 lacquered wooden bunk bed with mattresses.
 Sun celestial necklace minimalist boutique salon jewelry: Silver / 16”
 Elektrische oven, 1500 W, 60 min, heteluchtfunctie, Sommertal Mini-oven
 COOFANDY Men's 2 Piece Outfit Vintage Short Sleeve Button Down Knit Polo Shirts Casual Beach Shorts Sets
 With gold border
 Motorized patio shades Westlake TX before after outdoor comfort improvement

==

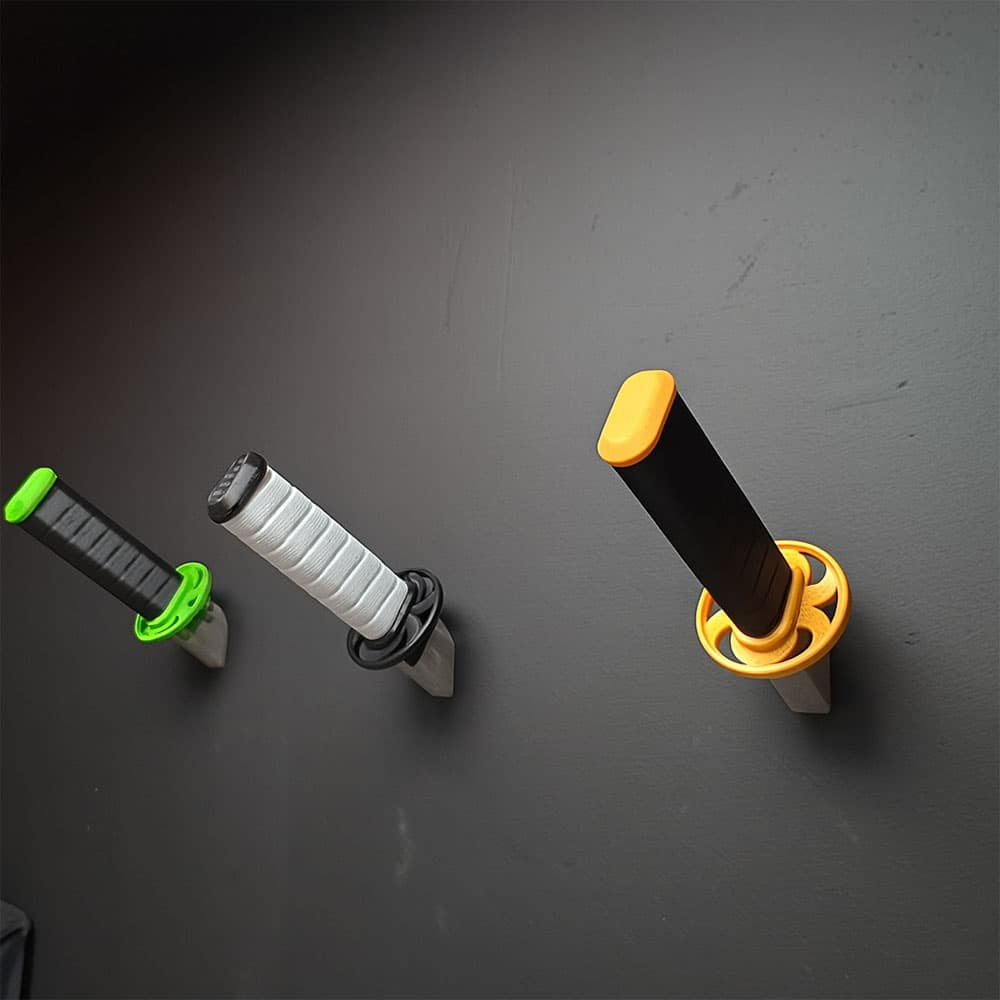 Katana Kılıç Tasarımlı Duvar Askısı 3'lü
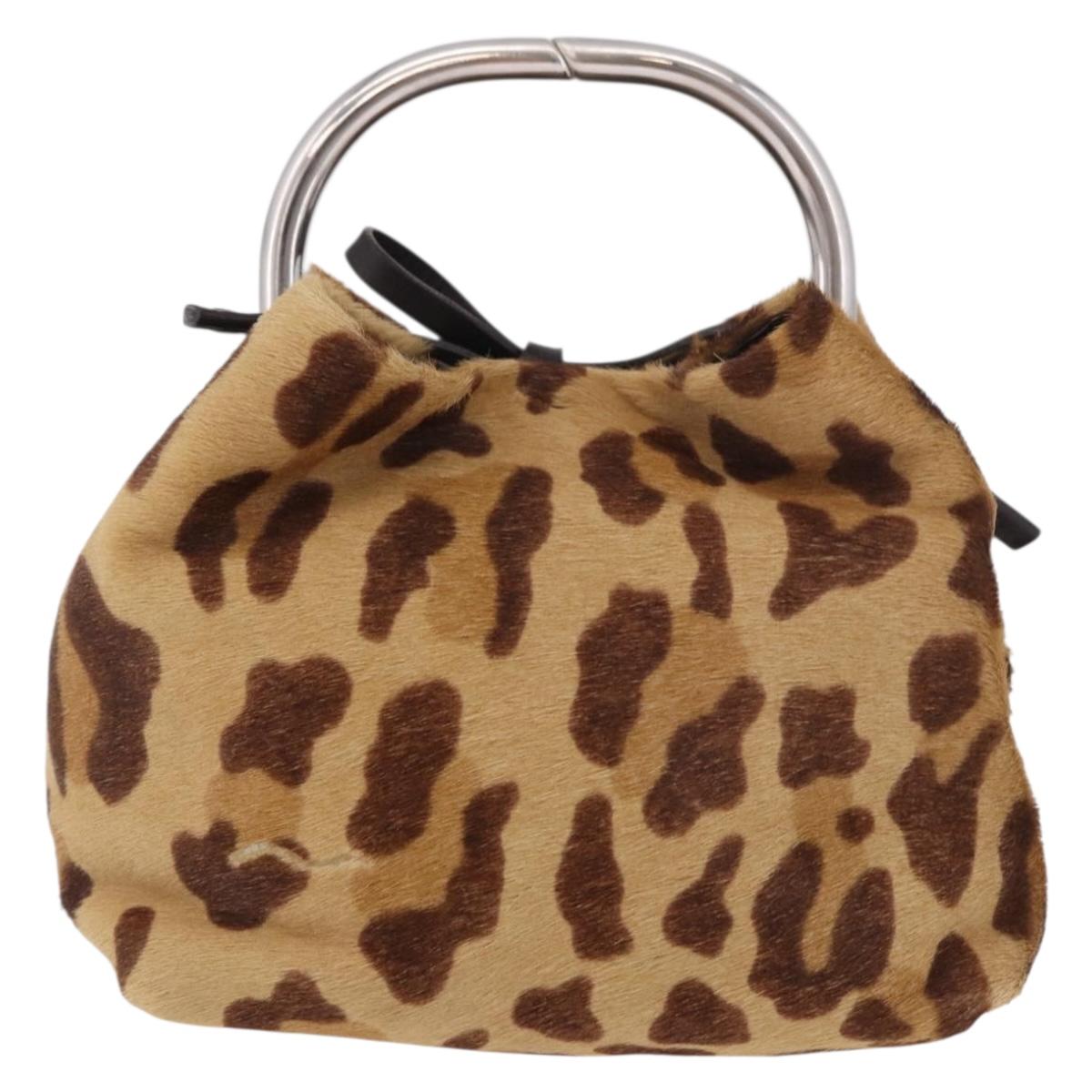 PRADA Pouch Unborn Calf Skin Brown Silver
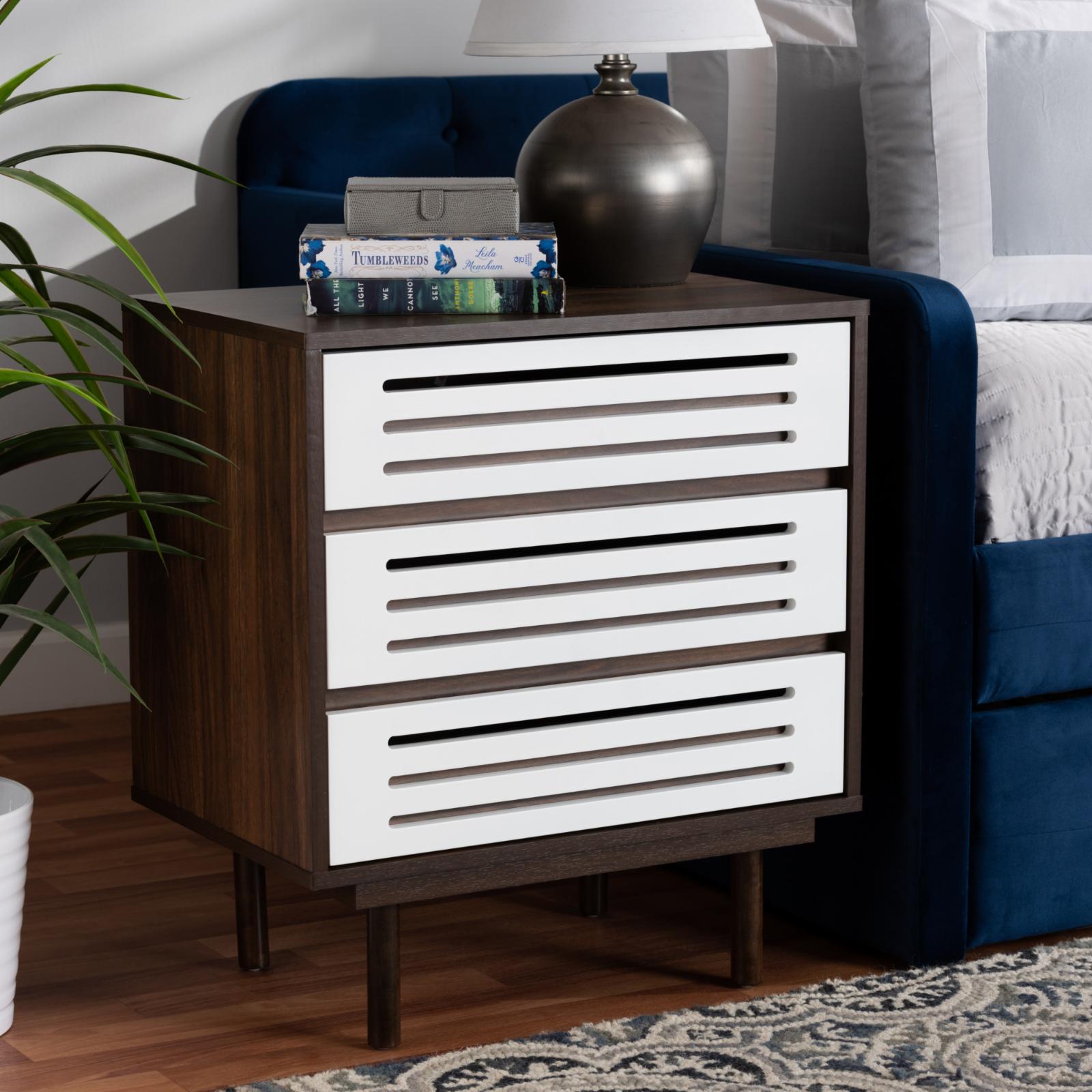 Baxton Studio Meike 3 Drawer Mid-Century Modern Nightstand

...

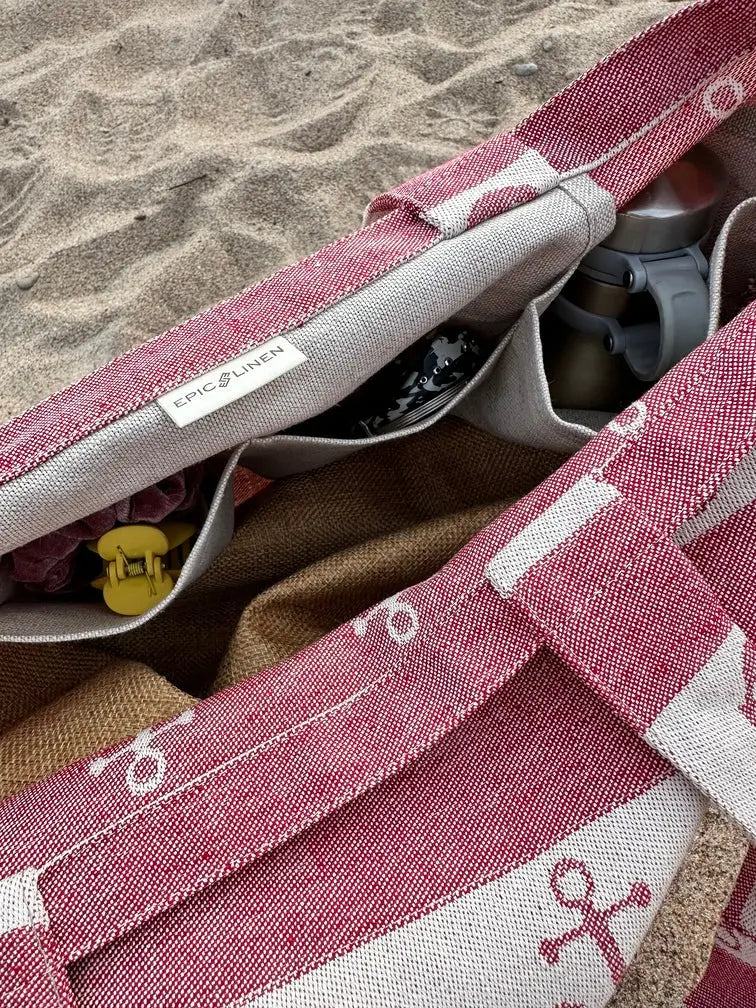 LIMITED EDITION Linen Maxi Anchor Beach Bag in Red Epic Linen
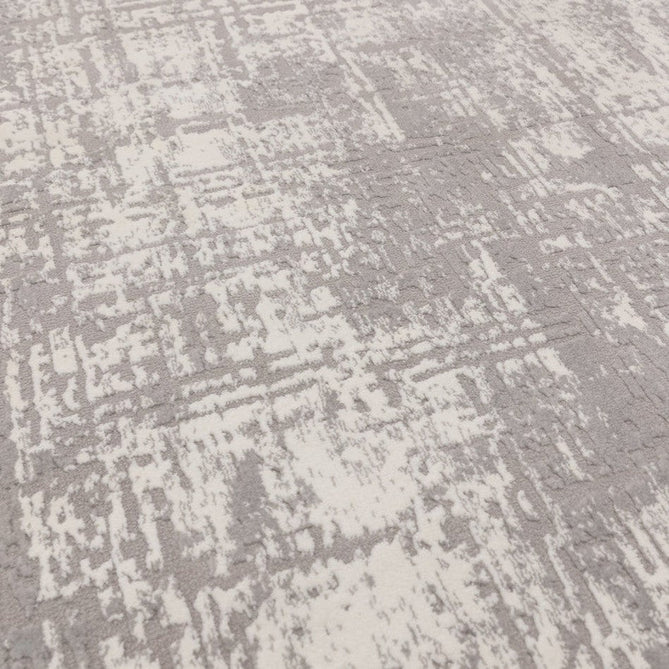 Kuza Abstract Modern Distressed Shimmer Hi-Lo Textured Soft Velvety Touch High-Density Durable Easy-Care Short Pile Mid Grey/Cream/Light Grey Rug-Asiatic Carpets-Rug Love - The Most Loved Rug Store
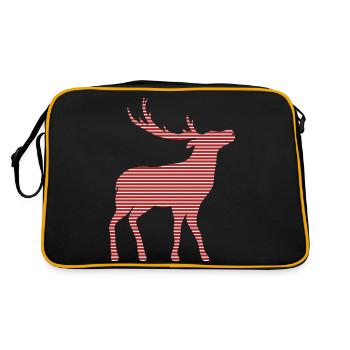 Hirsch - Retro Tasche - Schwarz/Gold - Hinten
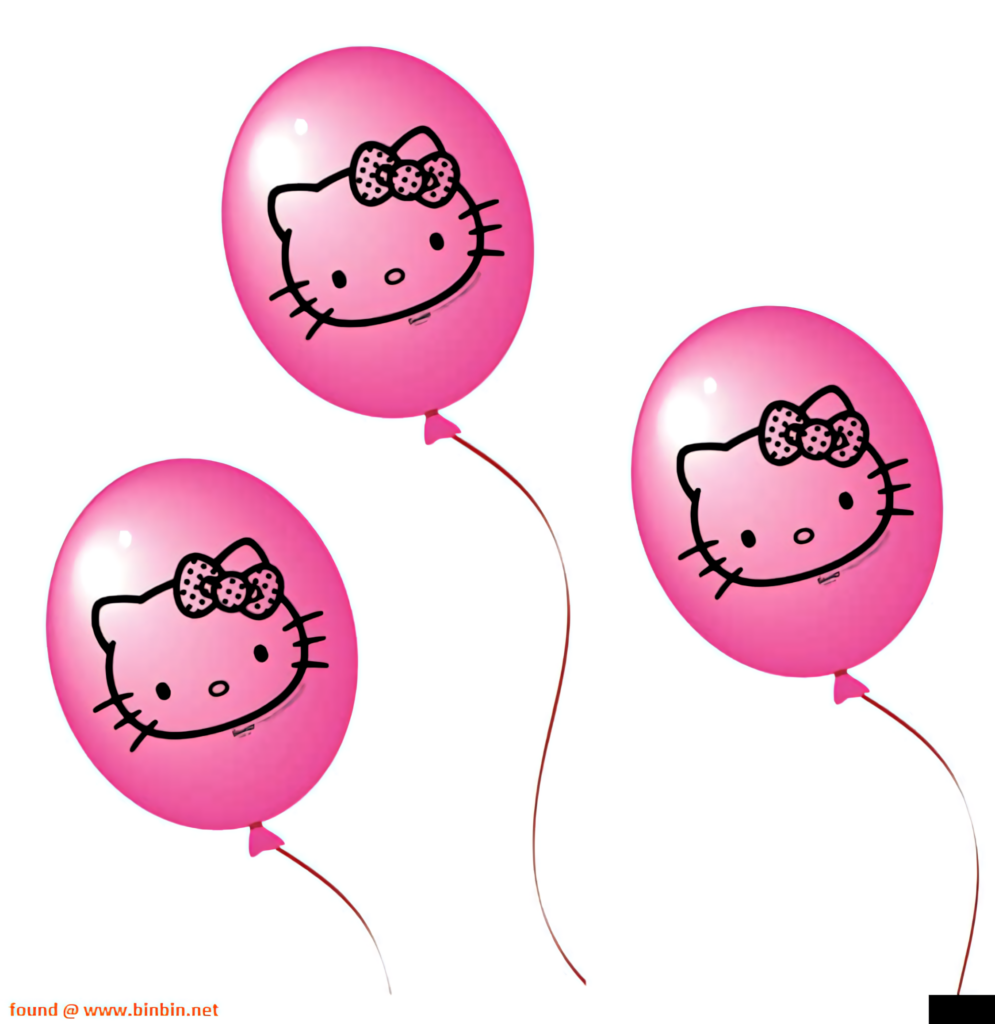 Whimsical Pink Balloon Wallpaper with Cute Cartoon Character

_PROMPT_
Please, from the entries above, set down exactly the lines from the one containing "lacquered wooden bunk bed with mattresses." through the one containing "Motorized patio shades", and only those.

_EXERCISE RESPONSE_
 lacquered wooden bunk bed with mattresses.
 Sun celestial necklace minimalist boutique salon jewelry: Silver / 16”
 Elektrische oven, 1500 W, 60 min, heteluchtfunctie, Sommertal Mini-oven
 COOFANDY Men's 2 Piece Outfit Vintage Short Sleeve Button Down Knit Polo Shirts Casual Beach Shorts Sets
 With gold border
 Motorized patio shades Westlake TX before after outdoor comfort improvement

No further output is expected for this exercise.